Many individuals breathe a sigh of relief after submitting their tax return to the Internal Revenue Service (IRS) on April 15th, or the next business day if the 15th falls on a weekend. Taxpayers are often eager to move on and forget about their financial obligations to the government until tax season comes again the following year.
Unfortunately, people who filed their tax returns as required by law and may have expected a refund could end up receiving a letter from the IRS instead. Frequently, they choose to ignore the letter, hoping that time may resolve the issue or that the matter is so minor that no response is necessary.
Ignoring IRS communication can be a costly mistake. What steps should taxpayers take after receiving an IRS letter in the mail?
Review the notice carefully
The IRS may send letters advising people of an underpayment of taxes. Notices could address allegedly unreported assets or income. They could advise of an upcoming audit. In some cases, they may include an amount due to the IRS, as well as information about penalties and interest. Taxpayers should read the letter carefully to determine the exact underlying cause of the tax controversy and respond appropriately. The letter may include critical deadlines for addressing the issue.
Contact a tax attorney
Understanding the basis of the IRS letter does not resolve the issue. Taxpayers may need to prepare for an audit, communicate with the IRS or gather evidence to prove that the claims made in the letter are actually inaccurate. A tax attorney can manage much of that process on behalf of a taxpayer. They can make sense of the IRS’s claims, advise the taxpayer of what evidence might be necessary and help them avoid escalating consequences.
Respond appropriately
Taxpayers may need to submit documentation, negotiate an offer in compromise or prepare for an audit. They need to avoid actions that could worsen their situation, such as transferring assets to others to avoid collection activities. An attorney can help ensure that people address the issues in an IRS letter before any deadlines.

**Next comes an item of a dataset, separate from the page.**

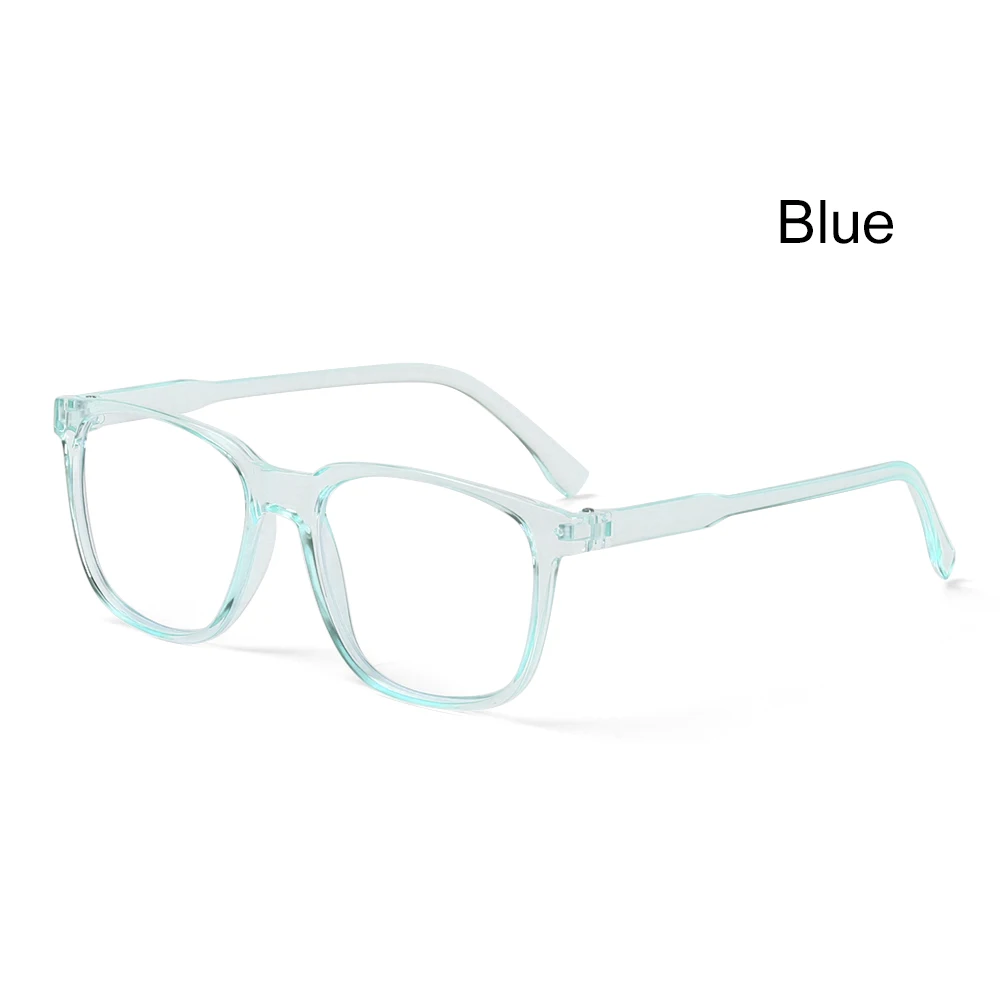 blue light filter glasses Classic Mobile Phone Computer Glasses Protection Anti Blue Rays Radiation Blocking Men Women Computer Goggles Spectacles blue light blockers Blue Light Blocking Glasses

Delays when responding to IRS notices may result in additional penalties or interest accruing. Timely action is necessary, but the exact steps a person should take depend on the type of notice they’ve received and whether the IRS accurately assessed the situation or not. Scheduling an initial consultation with the tax attorney as soon as possible after receiving an IRS tax letter can help people avoid worsening financial consequences and other potential penalties.